Collaboration: Strong communication skills and a collaborative mindset to work with cross-functional teams.
Technical Skills:
- Expertise in cloud platforms such as AWS, Google Cloud, or Azure.
- Strong proficiency with CI/CD tools (Jenkins, GitLab CI, CircleCI, etc.).
- Hands-on experience with containerization (Docker) and orchestration (Kubernetes).
- In-depth knowledge of infrastructure as code (IaC) tools like Terraform, Ansible, or CloudFormation.
- Proficiency in scripting languages (Python, Bash, etc.) for automation tasks.
- Experience with monitoring and logging tools (Prometheus, Grafana, ELK Stack, etc.).
- Hands-on experience with data processing and message streaming tools like Apache Spark and Kafka.
- Experience deploying ML models with Kubernetes or cloud-native tools like Sagemaker or Azure ML is a plus.
- Experience with Ray or Kuberay is a plus.
- Understanding of security best practices and regulatory requirements.
Preferred Qualifications
- Certifications in cloud platforms (AWS Certified DevOps Engineer, Google Cloud DevOps Engineer, etc.).
- Experience with large-scale, highly available, and distributed systems.
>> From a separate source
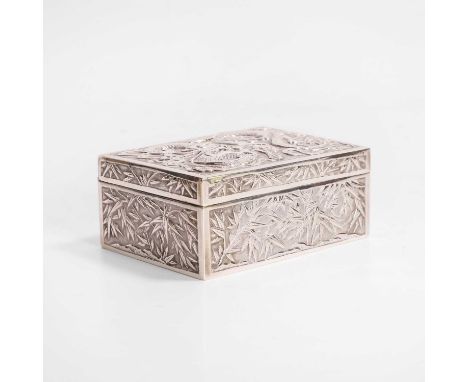 A Chinese silver box, late Qing dynasty, of rectangular form, the hinged cover decorated with a dragon amongst clouds, the si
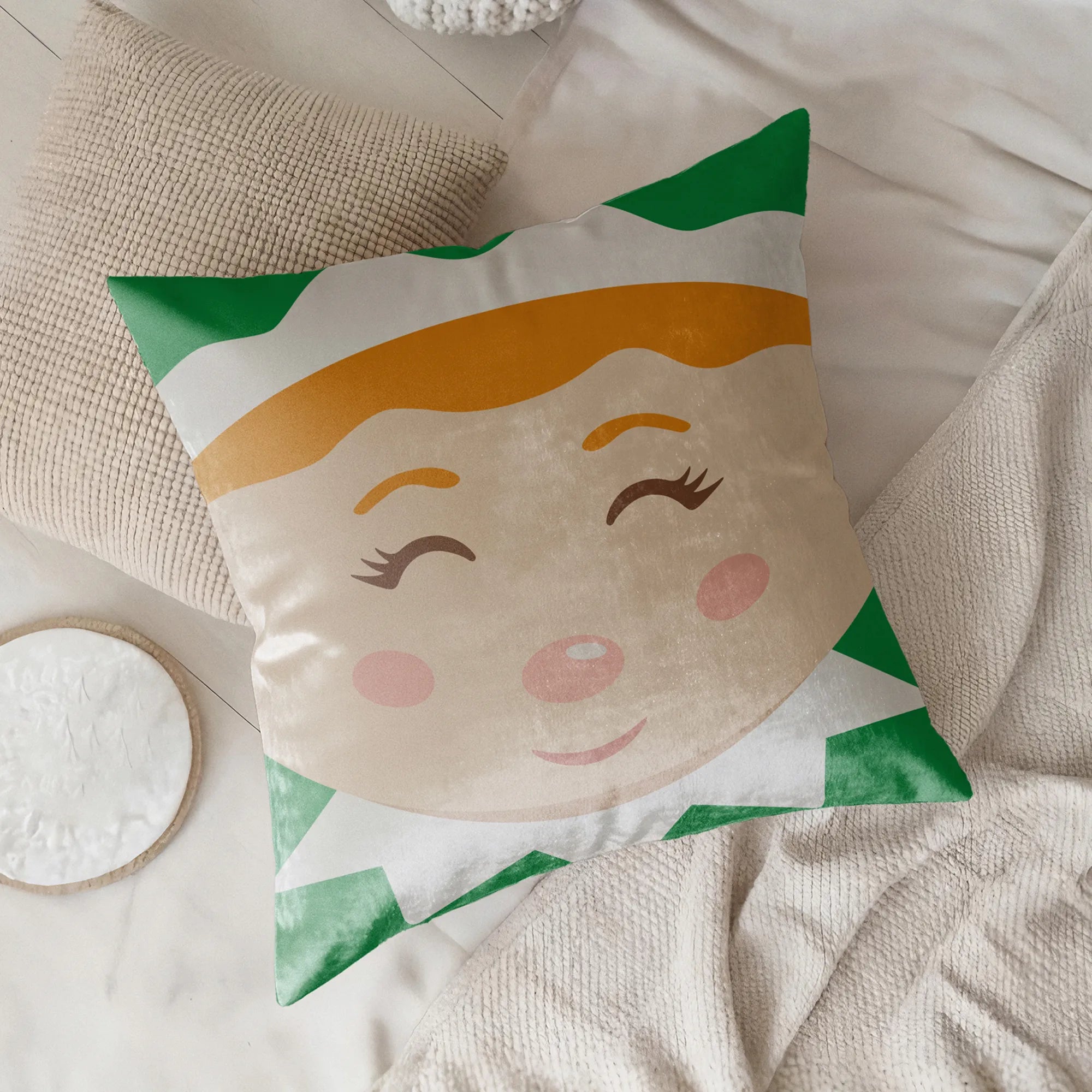 Decorative christmas pillow with a elf face design on a soft surface by Buffalo Bunny.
- Exposure to AI/ML infrastructure or MLOps
- Hands-on with observability tools (Datadog, Prometheus, Grafana)
- Familiarity with zero-downtime deployments and security best practices
What We Offer:
- Salary range: Competitive salary
- Yearly 2 bonuses and 1 performance bonus.
- A dynamic and collaborative work environment.
- Opportunities for professional growth and development.
- The chance to work on cutting-edge technology and make a real impact.